Très souvent encore certaines revues spécialisées nourrissent pour le cinéaste suisse Jean-Luc Godard une admiration sans bornes. La chose généralement admise et soulignée à travers des pages et des pages est qu'au sein de la Nouvelle Vague Française dans les années 1960 ses films se sont imposés aisément par rapport au reste de la production. Son style original n'a pourtant pas survécu dans ses dernières productions. Passons.

Notre propos ici est le fiasco total de son expérience au Mozambique en 1978. Le Mozambique a acquis son indépendance du Portugal après une lutte héroïque en 1975. Cinq mois après l'indépendance a été crée un institut cinématographique, l'INAC. En 1978, le Mozambique a nationalisé les compagnies étrangères de production et de distribution. La même année, l'Inac a abrité des débats longs et sérieux de fond sur la stratégie de développement de la production cinématographique et sur le projet de création d'une télévision nationale.

On a fait appel à Jean Rouch d'abord qui a dirigé à l'université de Maputo un atelier de super 8 et livré avec l'aide de ses collaborateurs Philippe Constantini et Jacques d'Arthyus des courts métrages vidéo réalisés avec les stagiaires mozambicains de l'Inac (Institut National de l'Audiovisuel et du Cinéma).

Toujours en 1978, on a ensuite fait venir Godard, lequel a bénéficié pour sa société Sonimage d'un contrat officiel bien payé (on a trop souvent laissé croire que le cinéaste suisse a travaillé bénévolement, comme une ONG, insupportable mensonge !). Son projet : aider le Mozambique dans la création d'une chaîne de télévision nationale. Cela n'a jamais marché. Godard probablement cherchait surtout à expérimenter de nouveaux matériels dans un terrain vierge comme le Mozambique. Il travaillait en cheville avec un fabriquant de caméras (soi disant révolutionnaires) dont la société était basée à Grenoble.
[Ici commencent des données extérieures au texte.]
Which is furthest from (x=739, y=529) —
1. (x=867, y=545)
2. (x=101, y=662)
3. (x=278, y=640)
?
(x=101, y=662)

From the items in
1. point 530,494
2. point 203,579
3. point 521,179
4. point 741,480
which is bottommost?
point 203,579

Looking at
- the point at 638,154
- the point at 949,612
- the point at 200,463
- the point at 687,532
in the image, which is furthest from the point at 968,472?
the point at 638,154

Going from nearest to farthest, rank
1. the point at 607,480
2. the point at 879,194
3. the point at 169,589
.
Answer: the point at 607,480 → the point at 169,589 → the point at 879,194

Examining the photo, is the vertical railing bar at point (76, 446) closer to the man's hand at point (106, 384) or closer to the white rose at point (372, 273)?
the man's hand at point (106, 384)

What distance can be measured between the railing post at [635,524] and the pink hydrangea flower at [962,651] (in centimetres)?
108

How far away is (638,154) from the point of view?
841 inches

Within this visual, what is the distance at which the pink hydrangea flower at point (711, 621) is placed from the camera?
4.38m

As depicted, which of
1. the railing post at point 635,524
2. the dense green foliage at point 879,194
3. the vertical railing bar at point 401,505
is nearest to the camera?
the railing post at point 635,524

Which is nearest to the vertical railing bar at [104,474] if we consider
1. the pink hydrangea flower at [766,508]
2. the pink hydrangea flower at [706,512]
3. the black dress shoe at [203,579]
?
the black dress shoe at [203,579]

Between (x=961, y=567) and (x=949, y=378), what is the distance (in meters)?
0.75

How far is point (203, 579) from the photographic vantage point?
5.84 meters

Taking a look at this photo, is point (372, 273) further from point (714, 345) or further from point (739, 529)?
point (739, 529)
Godard malheureusement n'a jamais achevé son projet vidéo intitulé très pompeusement : Naissance (d'une image) d'une Nation. Godard se voyait déjà dans la peau du grand Griffith ! Le passage de Godard au Mozambique a laissé des vagues. L'Inac, dirigé alors par le cinéaste mozambico-brésilien Ruy Guerra, fut le théâtre de très âpres controverses et critiques. Une grande polémique sur les projets avortés de Godard. Toute cette histoire qui a coûté très cher n'a servi à rien.

Ruy Guerra a réussi après ça à surmonter cette pénible épreuve. L'inac s'est mis au travail et mis en place une chaîne de production en 16 et 35 mm. En 1983, l' Inac comptait déjà 80 employés. Quatre longs métrages fiction et 70 documentaires étaient en boîte. Le souvenir de Godard était effacé.